Spring break is over. It was a weird, wonderful week. A day trip to Genoa resulted in a spontaneous train to Nice, a wrong train, a missed train, and three days later back in Bologna. A trip down to a friend’s house in Puglia was all rain and no beach. But we compensated in food, drinks, and a long game of Monopoly, in which everyone embodied their national stereotypes (the Germans were good with money, the Italians lost the game early on, the Americans were pushy, and the Australian was belligerent). We cooked a lot of family dinners. We had a cliff-notes Ceder, a five-course Italian seafood extravaganza, and lots of American-style eggs (cheese, butter, cheese). Once, it stopped raining long enough to walk on the beach and take moody pictures of each other staring out into the waves.
I didn’t want to to back to Bologna, until I landed and realized how much it feels like home.
I am writing from Paris. It was stupid to have any expectations for this trip because this city is so unlike anywhere else I’ve ever been. It feels like five cities rolled into one. It feels realizing a childhood dream – kind of triumphant. I had such a cliche moment of overwhelmed at-peace-ness in the Musee d’Orsay in the Impressionist gallery, confronted with the originals of pictures I’d pored over in art history books as a kid. These things exist in reality.

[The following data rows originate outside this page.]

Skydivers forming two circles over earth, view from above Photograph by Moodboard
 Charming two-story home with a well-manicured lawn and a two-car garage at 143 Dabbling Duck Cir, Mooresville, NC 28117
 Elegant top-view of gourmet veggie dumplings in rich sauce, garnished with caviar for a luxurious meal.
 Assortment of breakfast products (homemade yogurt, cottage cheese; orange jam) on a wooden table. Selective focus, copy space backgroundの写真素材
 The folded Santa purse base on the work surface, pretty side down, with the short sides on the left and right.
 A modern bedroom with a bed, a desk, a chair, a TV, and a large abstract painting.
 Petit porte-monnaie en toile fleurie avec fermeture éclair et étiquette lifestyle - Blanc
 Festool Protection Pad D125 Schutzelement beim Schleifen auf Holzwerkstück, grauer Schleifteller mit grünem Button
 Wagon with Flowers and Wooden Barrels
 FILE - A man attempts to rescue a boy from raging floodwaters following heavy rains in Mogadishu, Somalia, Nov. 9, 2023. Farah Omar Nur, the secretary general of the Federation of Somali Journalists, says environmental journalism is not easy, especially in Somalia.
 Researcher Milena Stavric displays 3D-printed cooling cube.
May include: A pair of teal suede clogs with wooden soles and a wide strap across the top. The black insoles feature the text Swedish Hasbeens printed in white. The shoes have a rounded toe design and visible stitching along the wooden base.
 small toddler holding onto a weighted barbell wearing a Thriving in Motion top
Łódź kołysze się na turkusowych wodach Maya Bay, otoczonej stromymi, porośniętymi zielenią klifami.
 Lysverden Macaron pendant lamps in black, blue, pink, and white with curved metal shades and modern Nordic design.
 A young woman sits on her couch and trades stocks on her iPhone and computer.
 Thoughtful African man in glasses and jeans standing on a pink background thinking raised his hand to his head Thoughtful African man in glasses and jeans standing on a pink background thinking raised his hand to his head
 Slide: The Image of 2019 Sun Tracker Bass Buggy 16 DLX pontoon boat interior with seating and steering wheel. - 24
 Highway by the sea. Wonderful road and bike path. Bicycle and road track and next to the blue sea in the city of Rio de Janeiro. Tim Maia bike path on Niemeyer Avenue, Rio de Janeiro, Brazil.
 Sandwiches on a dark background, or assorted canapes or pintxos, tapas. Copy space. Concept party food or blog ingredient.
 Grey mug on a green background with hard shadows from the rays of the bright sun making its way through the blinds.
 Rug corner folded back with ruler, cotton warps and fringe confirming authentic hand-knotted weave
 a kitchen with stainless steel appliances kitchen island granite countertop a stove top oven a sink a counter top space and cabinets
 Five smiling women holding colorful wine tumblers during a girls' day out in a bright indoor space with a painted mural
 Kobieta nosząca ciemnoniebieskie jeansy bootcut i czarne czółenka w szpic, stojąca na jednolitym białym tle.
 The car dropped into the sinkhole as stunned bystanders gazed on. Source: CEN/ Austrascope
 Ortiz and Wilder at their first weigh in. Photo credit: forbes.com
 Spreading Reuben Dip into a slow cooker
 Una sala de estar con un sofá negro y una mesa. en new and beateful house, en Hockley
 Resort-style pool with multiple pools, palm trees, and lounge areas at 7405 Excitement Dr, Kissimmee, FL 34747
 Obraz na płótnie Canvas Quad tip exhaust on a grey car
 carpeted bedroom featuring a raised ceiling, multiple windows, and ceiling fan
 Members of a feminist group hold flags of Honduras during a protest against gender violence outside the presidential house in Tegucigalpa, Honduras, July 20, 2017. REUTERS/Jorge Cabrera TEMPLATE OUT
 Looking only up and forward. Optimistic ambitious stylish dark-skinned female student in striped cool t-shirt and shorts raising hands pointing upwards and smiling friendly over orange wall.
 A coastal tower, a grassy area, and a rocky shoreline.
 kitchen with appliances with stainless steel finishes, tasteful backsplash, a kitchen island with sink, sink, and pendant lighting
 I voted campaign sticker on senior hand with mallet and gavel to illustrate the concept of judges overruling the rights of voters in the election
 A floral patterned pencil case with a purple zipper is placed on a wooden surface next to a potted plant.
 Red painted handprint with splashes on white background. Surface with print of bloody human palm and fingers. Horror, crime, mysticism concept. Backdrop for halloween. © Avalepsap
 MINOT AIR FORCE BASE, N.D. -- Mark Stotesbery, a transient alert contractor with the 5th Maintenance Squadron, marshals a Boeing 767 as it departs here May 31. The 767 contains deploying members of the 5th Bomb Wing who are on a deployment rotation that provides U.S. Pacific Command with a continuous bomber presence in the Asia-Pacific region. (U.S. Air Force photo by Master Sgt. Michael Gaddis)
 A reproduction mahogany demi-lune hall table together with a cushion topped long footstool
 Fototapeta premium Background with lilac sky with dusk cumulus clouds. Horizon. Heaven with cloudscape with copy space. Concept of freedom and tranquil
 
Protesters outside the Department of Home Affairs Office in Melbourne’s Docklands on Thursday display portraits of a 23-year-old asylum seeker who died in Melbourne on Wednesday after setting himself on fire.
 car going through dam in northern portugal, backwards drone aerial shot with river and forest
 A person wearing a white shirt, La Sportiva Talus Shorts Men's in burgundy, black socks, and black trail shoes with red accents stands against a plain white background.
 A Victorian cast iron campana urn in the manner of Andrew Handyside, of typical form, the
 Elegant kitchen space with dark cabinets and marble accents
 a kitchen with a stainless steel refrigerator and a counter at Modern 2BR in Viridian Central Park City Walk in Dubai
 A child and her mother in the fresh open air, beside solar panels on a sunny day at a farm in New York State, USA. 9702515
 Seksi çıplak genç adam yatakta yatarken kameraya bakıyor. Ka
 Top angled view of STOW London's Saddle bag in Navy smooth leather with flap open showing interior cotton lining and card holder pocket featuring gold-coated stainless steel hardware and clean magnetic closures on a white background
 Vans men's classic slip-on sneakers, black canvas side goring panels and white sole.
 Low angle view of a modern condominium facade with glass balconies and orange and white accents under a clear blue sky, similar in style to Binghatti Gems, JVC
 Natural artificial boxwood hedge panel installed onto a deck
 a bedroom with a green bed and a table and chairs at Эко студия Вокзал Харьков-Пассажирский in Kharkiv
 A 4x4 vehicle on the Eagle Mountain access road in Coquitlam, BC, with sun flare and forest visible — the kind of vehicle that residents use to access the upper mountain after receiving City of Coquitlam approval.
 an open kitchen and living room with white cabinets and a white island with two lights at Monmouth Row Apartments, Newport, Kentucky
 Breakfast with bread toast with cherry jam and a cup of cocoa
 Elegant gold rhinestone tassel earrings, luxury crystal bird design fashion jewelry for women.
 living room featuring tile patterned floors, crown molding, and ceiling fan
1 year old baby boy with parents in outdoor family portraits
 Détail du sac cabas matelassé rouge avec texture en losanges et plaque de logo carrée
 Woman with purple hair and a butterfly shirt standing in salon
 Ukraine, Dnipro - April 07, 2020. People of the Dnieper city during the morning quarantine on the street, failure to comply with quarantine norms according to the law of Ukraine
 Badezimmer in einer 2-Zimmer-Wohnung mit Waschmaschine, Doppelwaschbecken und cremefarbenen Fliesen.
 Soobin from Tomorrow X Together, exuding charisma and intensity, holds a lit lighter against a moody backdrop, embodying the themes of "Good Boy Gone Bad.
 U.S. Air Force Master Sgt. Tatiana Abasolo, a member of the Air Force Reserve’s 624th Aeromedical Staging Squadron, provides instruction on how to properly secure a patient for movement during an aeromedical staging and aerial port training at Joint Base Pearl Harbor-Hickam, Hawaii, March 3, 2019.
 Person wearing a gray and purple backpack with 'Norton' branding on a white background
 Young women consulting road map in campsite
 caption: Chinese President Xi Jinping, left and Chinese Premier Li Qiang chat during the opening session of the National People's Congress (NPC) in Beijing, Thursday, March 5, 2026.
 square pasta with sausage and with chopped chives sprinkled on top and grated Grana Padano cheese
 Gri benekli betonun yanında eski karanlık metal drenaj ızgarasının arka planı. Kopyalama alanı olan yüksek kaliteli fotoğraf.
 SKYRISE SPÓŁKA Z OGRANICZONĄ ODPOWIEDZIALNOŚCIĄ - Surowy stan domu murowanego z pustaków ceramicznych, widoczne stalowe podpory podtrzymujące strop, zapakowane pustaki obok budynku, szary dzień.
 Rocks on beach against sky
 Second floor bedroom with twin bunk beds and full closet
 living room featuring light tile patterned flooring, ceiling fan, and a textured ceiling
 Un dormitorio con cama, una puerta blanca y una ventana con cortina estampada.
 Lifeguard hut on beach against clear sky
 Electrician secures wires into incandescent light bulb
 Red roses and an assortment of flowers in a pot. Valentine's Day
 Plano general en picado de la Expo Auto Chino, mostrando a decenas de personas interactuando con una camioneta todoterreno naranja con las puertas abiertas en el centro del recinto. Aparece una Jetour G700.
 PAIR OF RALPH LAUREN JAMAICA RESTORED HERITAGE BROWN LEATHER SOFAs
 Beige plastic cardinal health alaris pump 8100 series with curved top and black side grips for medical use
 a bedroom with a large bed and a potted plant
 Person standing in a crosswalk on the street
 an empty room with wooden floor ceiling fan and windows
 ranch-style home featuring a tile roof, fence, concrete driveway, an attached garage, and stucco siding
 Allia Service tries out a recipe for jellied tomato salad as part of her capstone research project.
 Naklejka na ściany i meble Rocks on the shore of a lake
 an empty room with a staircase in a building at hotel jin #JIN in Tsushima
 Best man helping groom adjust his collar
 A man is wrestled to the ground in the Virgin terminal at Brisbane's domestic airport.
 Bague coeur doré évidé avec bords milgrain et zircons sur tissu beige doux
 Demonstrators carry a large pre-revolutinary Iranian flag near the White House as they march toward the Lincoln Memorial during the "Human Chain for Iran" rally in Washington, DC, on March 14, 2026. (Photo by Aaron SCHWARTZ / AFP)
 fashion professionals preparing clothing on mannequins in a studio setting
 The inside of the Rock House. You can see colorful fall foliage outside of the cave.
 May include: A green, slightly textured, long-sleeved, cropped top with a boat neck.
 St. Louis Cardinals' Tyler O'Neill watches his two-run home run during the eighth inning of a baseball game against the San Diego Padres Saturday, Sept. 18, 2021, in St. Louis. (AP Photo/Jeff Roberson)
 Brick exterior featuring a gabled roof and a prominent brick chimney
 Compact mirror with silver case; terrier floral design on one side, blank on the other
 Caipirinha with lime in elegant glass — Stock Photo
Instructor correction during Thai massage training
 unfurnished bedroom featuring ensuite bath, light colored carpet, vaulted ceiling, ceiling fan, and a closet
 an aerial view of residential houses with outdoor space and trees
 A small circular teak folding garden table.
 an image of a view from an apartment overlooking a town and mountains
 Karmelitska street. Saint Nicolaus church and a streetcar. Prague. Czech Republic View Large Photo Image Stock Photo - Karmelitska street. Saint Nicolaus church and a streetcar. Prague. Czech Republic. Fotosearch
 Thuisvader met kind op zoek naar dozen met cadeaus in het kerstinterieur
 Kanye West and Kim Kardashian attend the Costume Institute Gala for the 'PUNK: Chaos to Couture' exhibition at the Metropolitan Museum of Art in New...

Our weekend getaway corresponds with the first round of French presidential elections, so in between macaroons and museums, we’ve been nerdily talking French Politics. The main opposition candiate (Francois Hollande, of the socialist party) seems to garner the bulk of his support due to the fact that he is not Sarkozy. It seems a little like the Bush-Kerry election of 2004, where it was pretty universally acknowledged that Bush was a bad president, but nobody could get excited enough about any other candidate. On va voir in the second round. right now Hollande is ahead in vote counts.
Once I get back to Bologna tomorrow it will be non-stop until the end of the semester. Exams, last minute day trips, visa procurement, packing, shipping, and moving. This is why God invented caffeine.